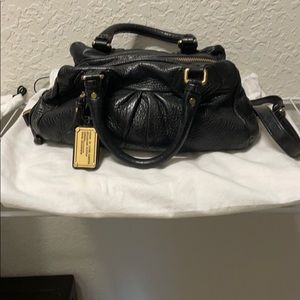 Black Marc Jacobs Handbag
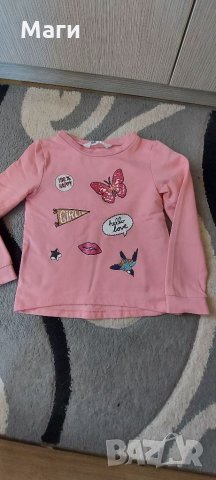 Детска блуза , снимка 1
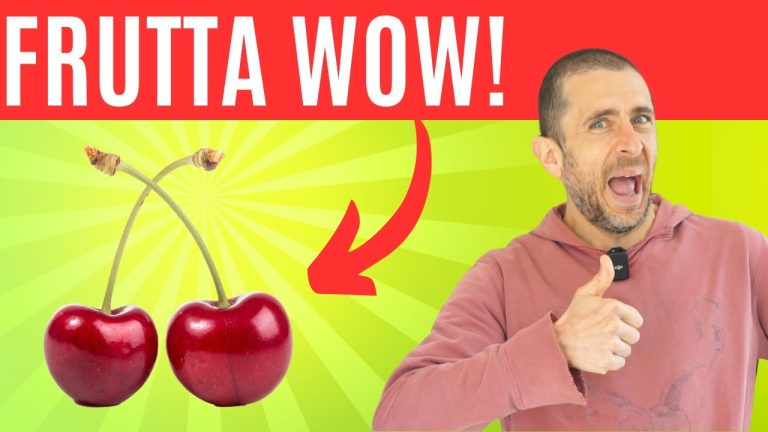 I Benefici dei Carboidrati nelle Ciliegie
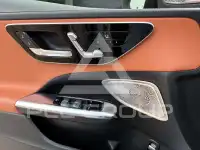 2022 Mercedes Benz C 300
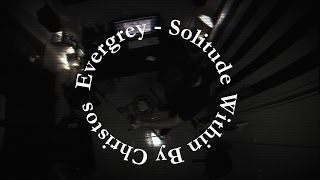 Evergrey - Solitude Within (Cover By Christos Nikolaou)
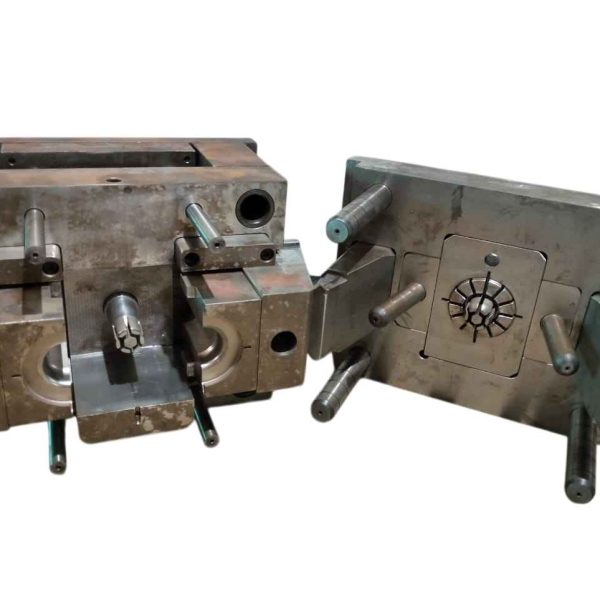 Lakshmi Moulds and Dies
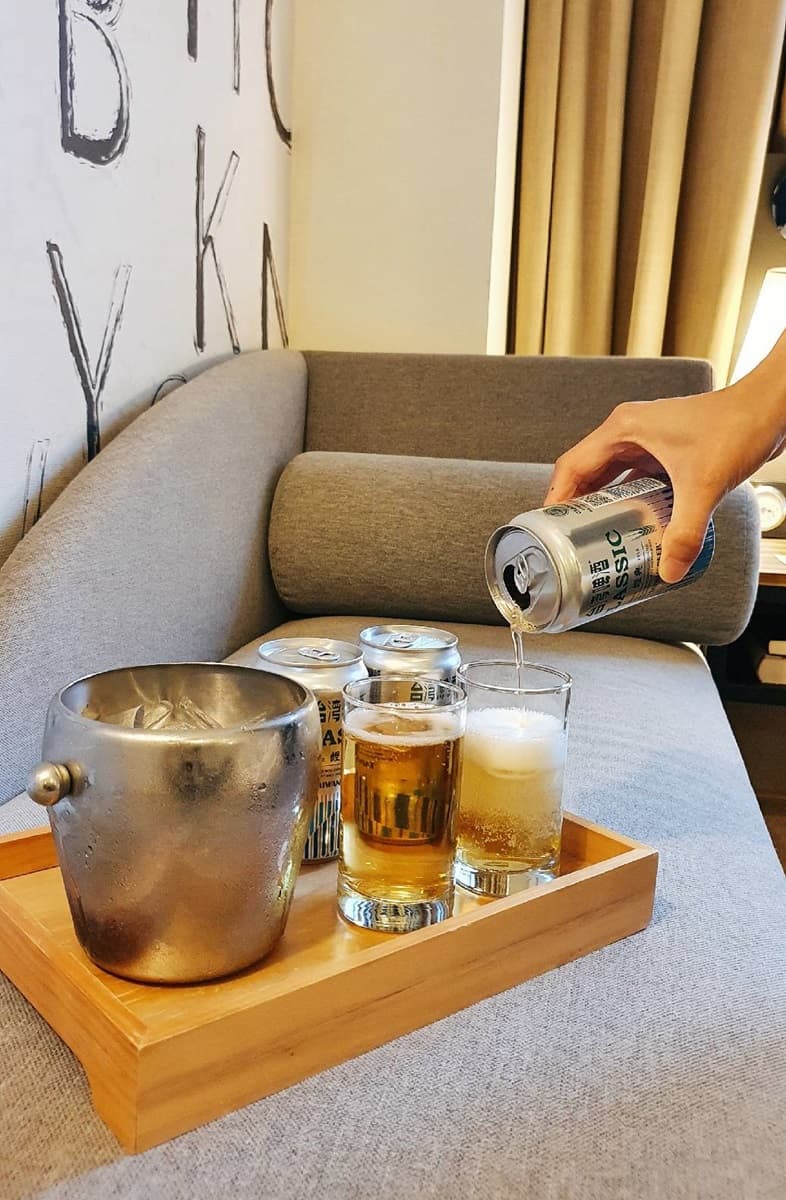 4大飯店「靠爸」好康!吃套餐「免費入住」、龍蝦海鮮桶不用錢、睡到下午3點退房 4大飯店「靠爸」好康!吃套餐「免費入住」、龍蝦海鮮桶不用錢、睡到下午3點退房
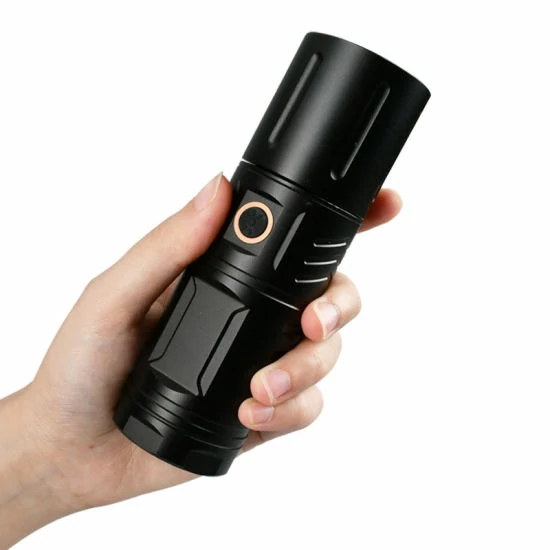 Polish Zoom Touch Light - Image 2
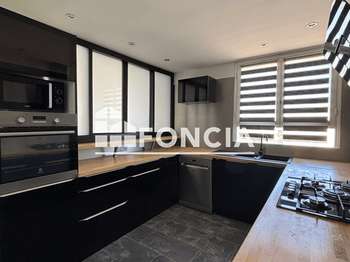 Location Appartement 4 piècesNantes Bellevue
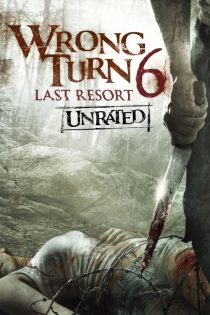 دانلود فیلم Wrong Turn 6: Last Resort 2014 دانلود فیلم Wrong Turn 6: Last Resort 2014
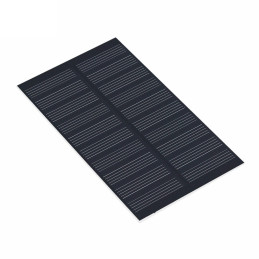 Mini Panneau Solaire 5V 1W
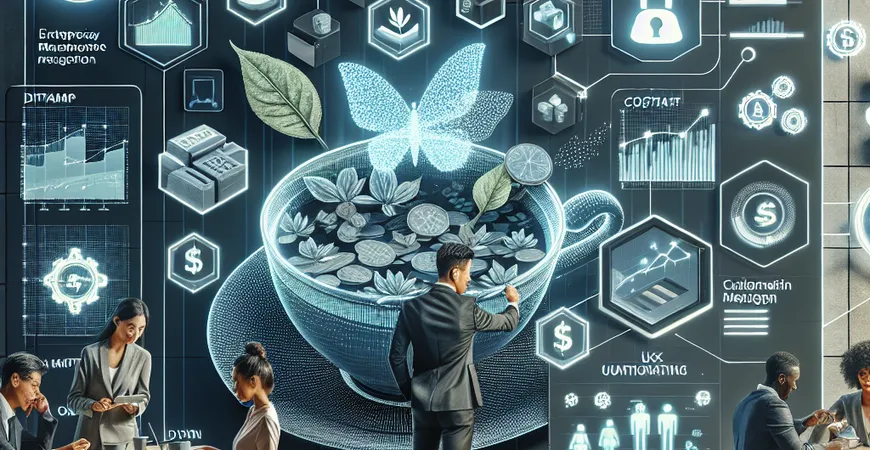 茶叶销售管理系统设计方案，提升客户满意度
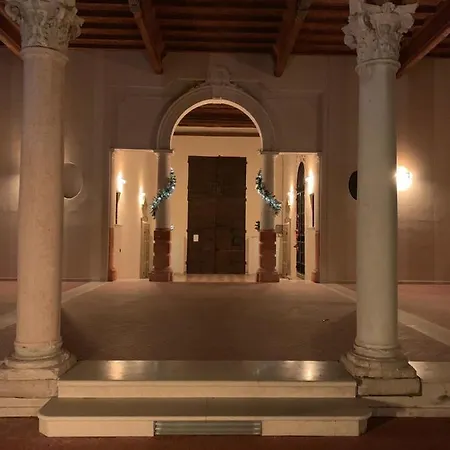 Appartement Antica *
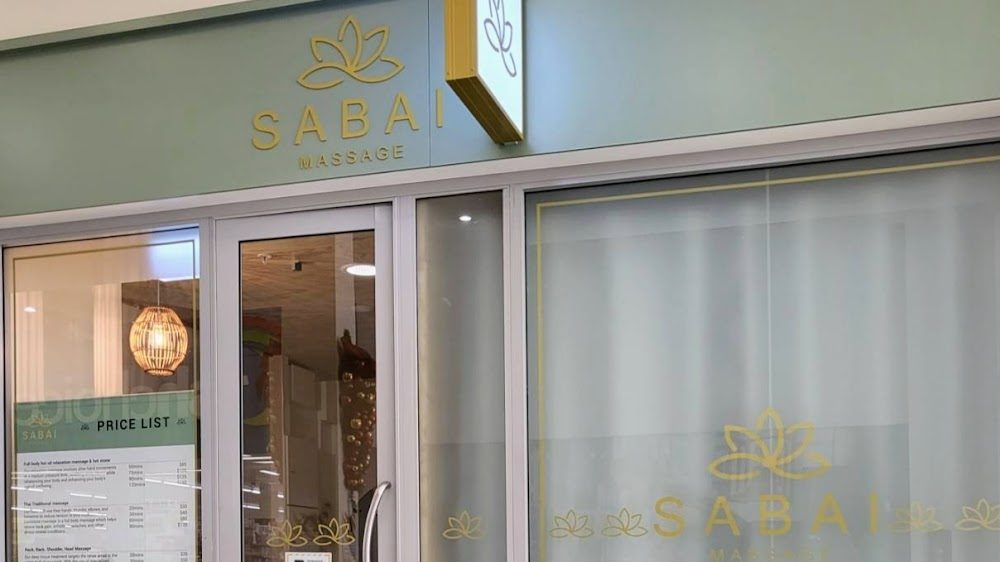 Sabai Thai Massage Richmond Mall photo 2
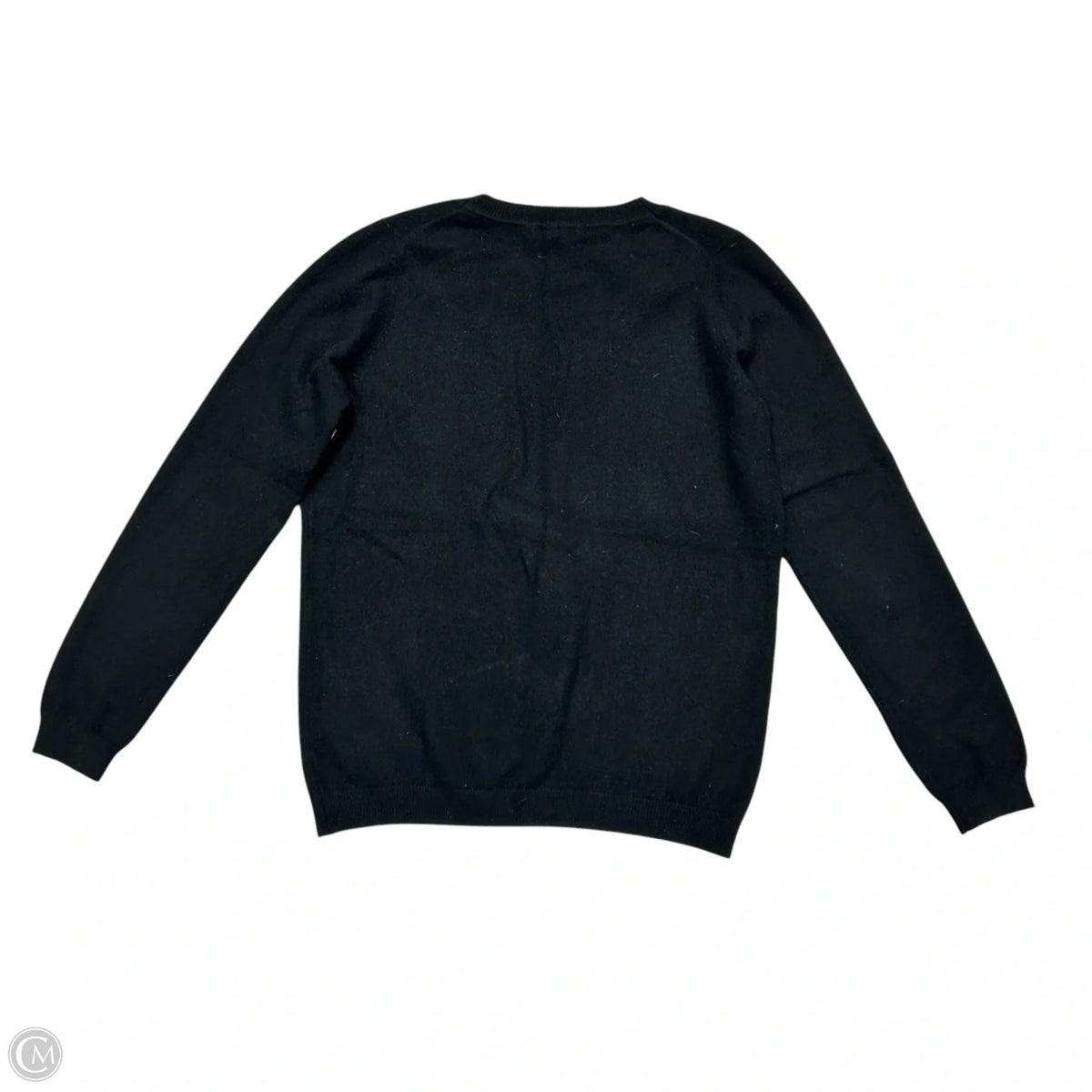 Sweater Cashmere By Boden In Black, Size: M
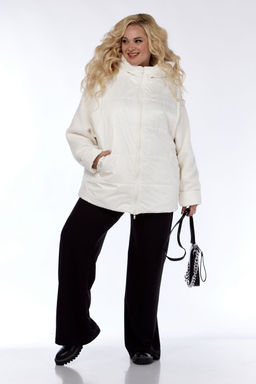 Куртка Diamant 2010 молочный фото 11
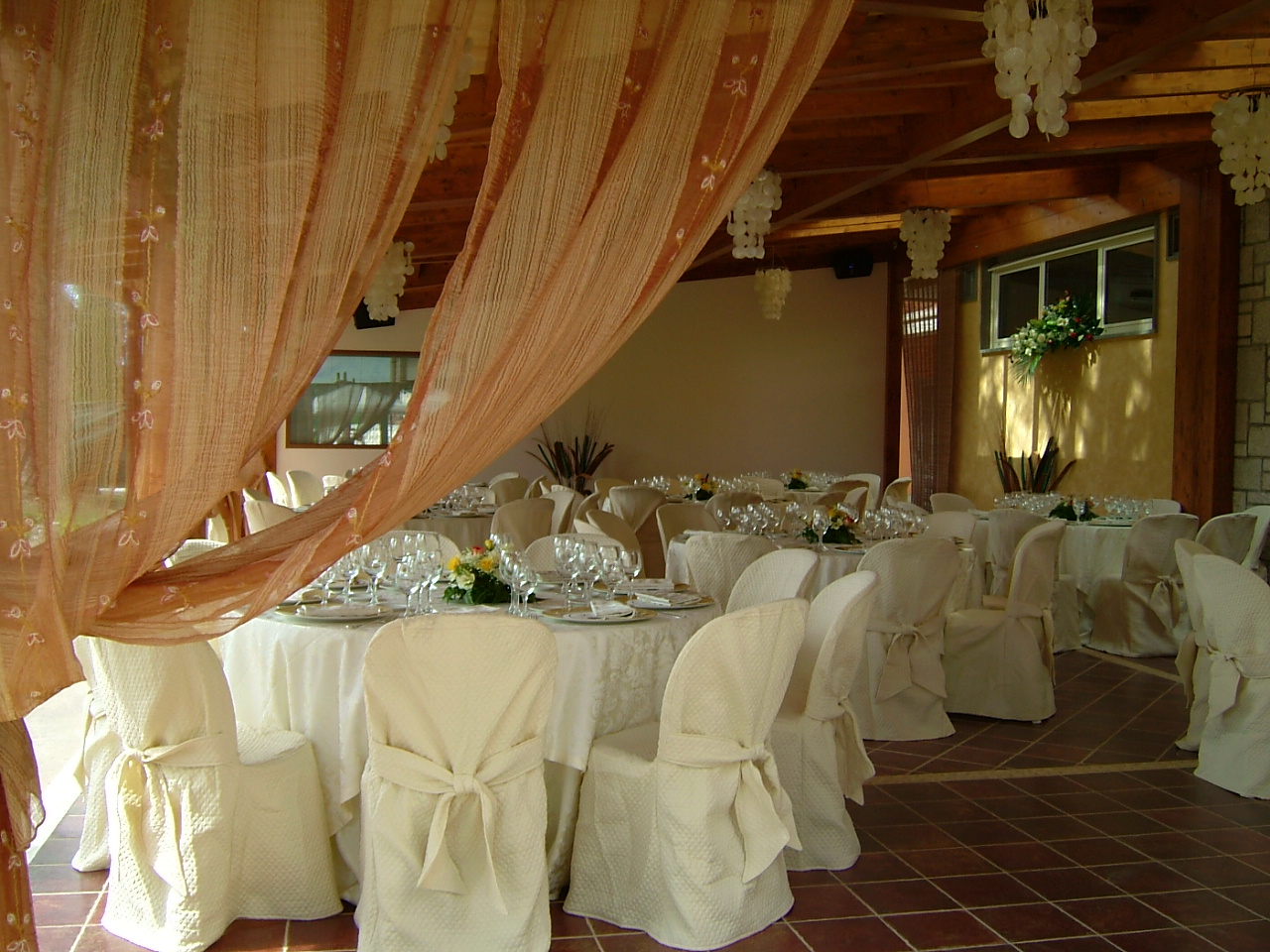 Villa Rosa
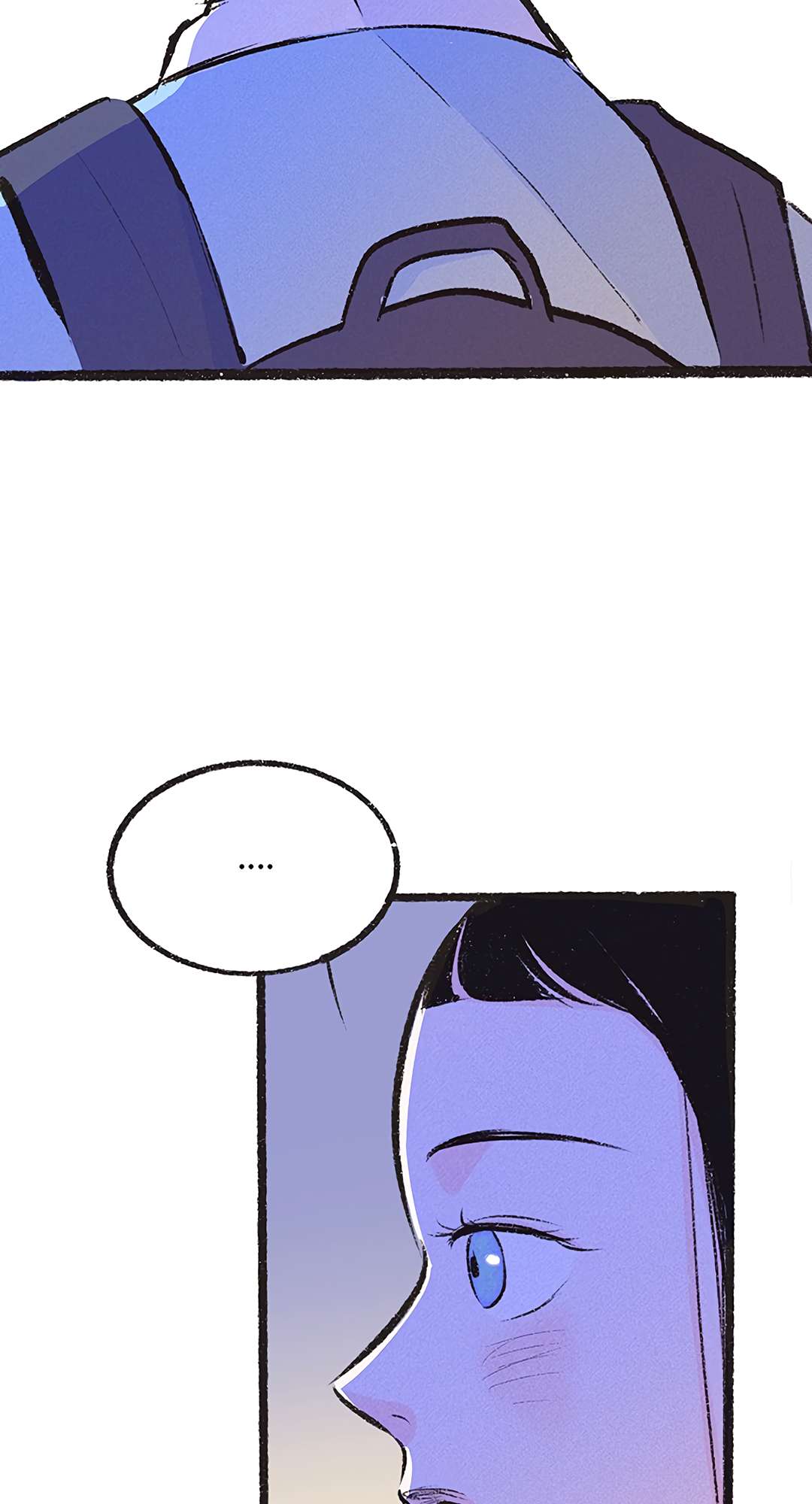 Why Don't I Have Anyone By My Side? Chapter 18 page 107 - 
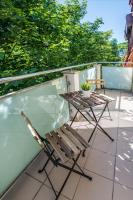 Avis Apartments - Blue Sopot 14 - B&B Sopot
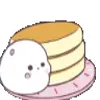 🥹 Эмодзи «Cute Mix #cute #animals #cat» для Telegram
┄┄┄┄┄┄┄┄┄┄┄┄┄┄┄┄┄┄┄┄
* [What to work on] Could you set down word for word each line from the one holding "Why Don't I" through the end of the material above, without any pictures?

* [Completed task]
 Why Don't I Have Anyone By My Side? Chapter 18 page 107 - 
 Avis Apartments - Blue Sopot 14 - B&B Sopot
 🥹 Эмодзи «Cute Mix #cute #animals #cat» для Telegram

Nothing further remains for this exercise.